Disisi lain, Keyna saat ini berada di mansion, padahal hari ini Keyna ada janji untuk pergi dengan Celine, "Nyonya makan ya, dari tadi pagi Nyonya belum makan," pinta Bi Nani.
Keyna hanya diam dan tidak merespon Bi Nani, Keyna sedari tadi hanya meratapi nasibnya yang terkurung didalam mansion.

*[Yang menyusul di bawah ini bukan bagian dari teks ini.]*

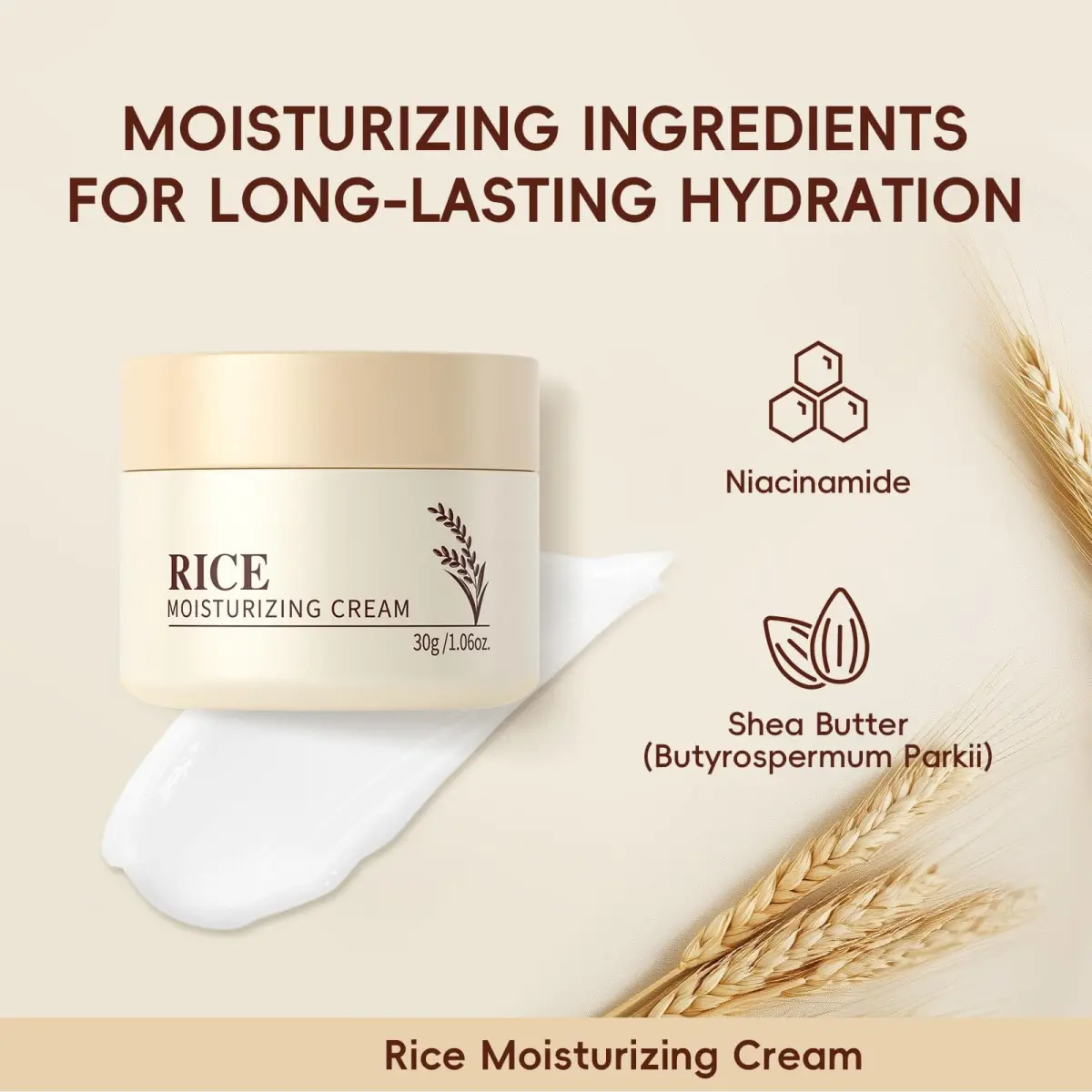 Rice Moisturizing Cream - 30g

Ya, hari ini Devan memerintahkan Keyna untuk tidak keluar dari mansion hanya karena Keyna memeluk Dennis.
# Flashback On #
Selesai bersiap-siap, Keyna membangunkan Devan yang sedang tertidur, "Ini aku bangunin Devan gak ya, tapi nanti kalau dia marah kayak dulu gimana, ah bodoh amat aku bangunin aja, takutnya dia malah telat lagi," gumam Keyna.

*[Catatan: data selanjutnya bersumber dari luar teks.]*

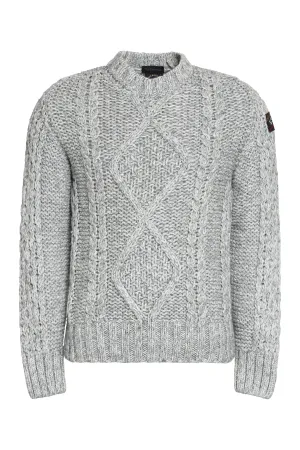 Cable knit sweater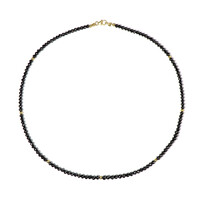 Collana in oro con Diamante Nero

Keyna pun membangunkan Devan, "Dev, bangun, udah pagi loh, kamu hampir telat ini," ucap Keyna dan untungnya Devan tidak marah, justru Devan menatap intens Keyna.
"Ke-kenapa?" tanya Keyna.
Devan menarik Keyna hingga berada diatasnya dan memeluk erat Keyna, "Dev, ayo bangun nanti kamu telat loh," ucap Keyna.
"Hem," jawab Devan.
Keyna pun akhirnya mendongak untuk melihat Devan, tapi Devan malah memejamkan matanya dan melanjutkan tidurnya.
"Dev, ayo bangun, kok malah tidur lagi sih," ucap Keyna dengan menggoyangkan lengan Devan.

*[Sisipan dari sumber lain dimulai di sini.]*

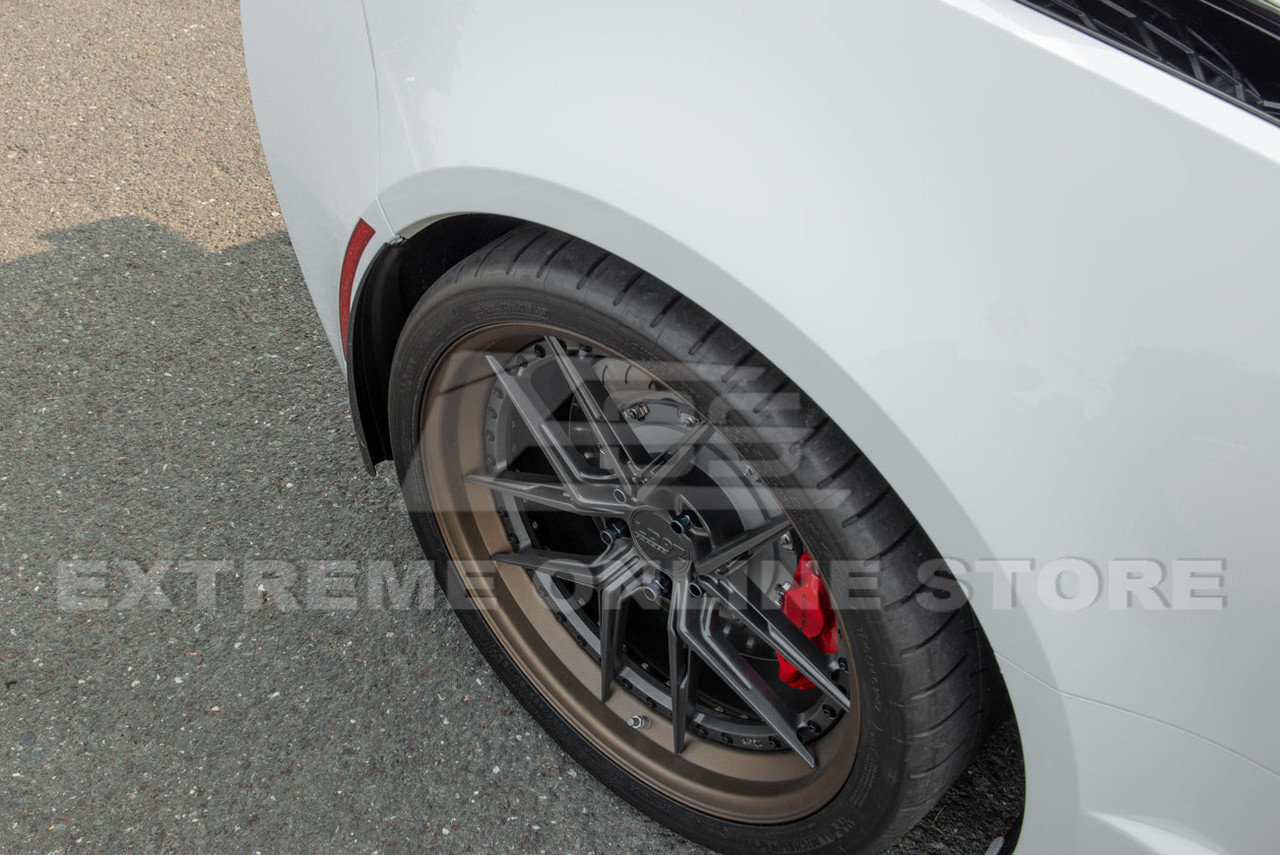EOS Extended Rear Splash Guards - Carbon Flash - C7 Corvette Stingray / Z06 (MF-233-V2-ABS)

Akhirnya Devan membuka matanya dan menatap intens ke arah Keyna, Keyna sendiri kembali gugup dengan tatapan Devan, "A-ada apa?" tanya Keyna.
"Kenapa kamu gugup?" tanya Devan.
"A-aku gugup, hahaha gak lah siapa juga yang gu-gugup, kamu kali yang gugup," ucap Keyna.
"Apa kamu nyaman berada di atas ku?" tanya Devan.
"A-aku, ya gak lah kan kamu yang narik aku gimana sih," ucap Keyna dan Devan pun menganggukkan kepalanya.
"Kalau begitu kenapa kamu masih ada di atas ku kalau kamu gak nyaman?" tanya Devan.
"Ya kan kamu yang meluk aku erat banget mana bisa aku berdiri," ucap Keyna.
"Udah daritadi aku lepasin, tapi kamu masih ada di atas ku, makanya aku tadi tanya apa kamu nyaman ada di atas ku," ucap Devan.
Keyna pun langsung berdiri dan benar saja Devan sudah melepaskan pelukannya, 'malu' itulah yang Keyna hadapi saat ini.
"Kamu mandi dulu udah aku siapin semuanya," ucap Keyna lalu keluar dari kamar dan menuju meja makan.
"Selamat pagi, Nyonya," sapa Ganish.
__ADS_1
"Selamat pagi juga, Ganish. Oh iya gimana kabar kamu, Nish?" tanya Keyna.
"Baik, Nyonya," ucap Ganish.
Cukup lama Keyna menunggu Devan dan saat Keyna memutuskan akan kembali ke kamar untuk memanggil Devan, namun baru saja akan beranjak pergi, baju yang dikenakan Keyna terjepit di sela-sela kursi dan membuat Keyna tidak seimbang hingga hampir jatuh ke lantai, tapi Dennis terlebih dahulu membantu Keyna.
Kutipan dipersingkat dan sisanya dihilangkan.